Study on the Desorption Mechanism of Sulfur Dioxide–Modified Activated Carbon Based on Density Functional Theory

Activated carbon injection technology is the primary method used to control the mercury emissions from coal-fired power plants. The preparation of sulfur-loaded carbon-based adsorbents through SO₂ modification of the surface of activated carbon (the primary component) provides an effective solution to enhancing the mercury removal performance of adsorbents. However, there remains a lack of clarity on the adsorption performance and mechanism of mercury on the newly formed active sites of the carbon surface after SO₂ sulfur loading modification. In this study, four potential structures of SO₂ loaded onto the surface of activated carbon were constructed. Quantum chemical calculation methods were applied to calculate the adsorption process of Hg in these four models, with those important characteristics identified such as bonding properties, adsorption energy, electrostatic potential, and molecular orbitals.
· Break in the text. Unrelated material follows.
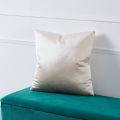 Eglo 420272 - Διακοσμητικό μαξιλάρι KYONAN 45x45 cm σε κρεμ απόχρωση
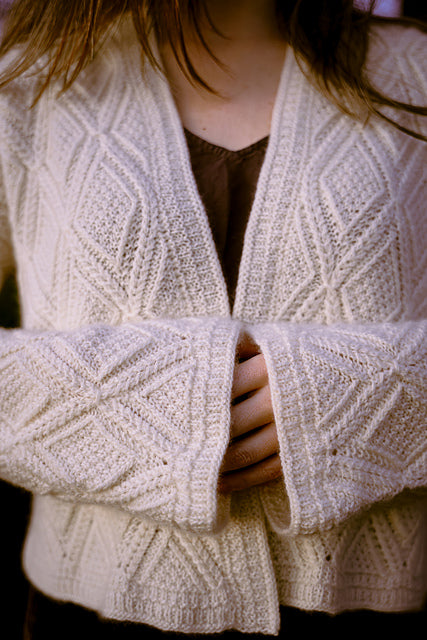 LULINE CARDIGAN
As indicated by those results, the adsorption bonds of the SO₂-modified activated carbon were mainly C-O-S and C-S-C. After the carbon cluster model adsorbed SO₂ molecules, the sulfur in SO₂ exhibited a strong positive potential that facilitated the loss of electrons from Hg due to the potential difference. Consequently, HgO was firmly adsorbed onto the surface of the carbon cluster. As revealed by the molecular orbital calculations performed after Hg adsorption on the two carbon cluster models, SO₂-modified and elemental sulfur-modified activated carbons, in the SOAC-Arm-1 configuration, there was a clear exchange orbital around the adsorbed Hg atom in the LUMO, with a small HOMO–LUMO energy gap of only 0.01713 eV. At this point, the free electrons on the molecule were prone to orbital transitions, promoting the occurrence of adsorption reactions. The SOAC-Arm-3 conformation exhibited the shortest C-Hg bond length and had an adsorption energy of up to −70.42 kJ/mol, indicating a stronger chemical bonding ability and a higher likelihood of adsorption reactions. These results demonstrate the feasibility of sulfur-loaded modified activated carbon to mitigate Hg pollution through SO₂.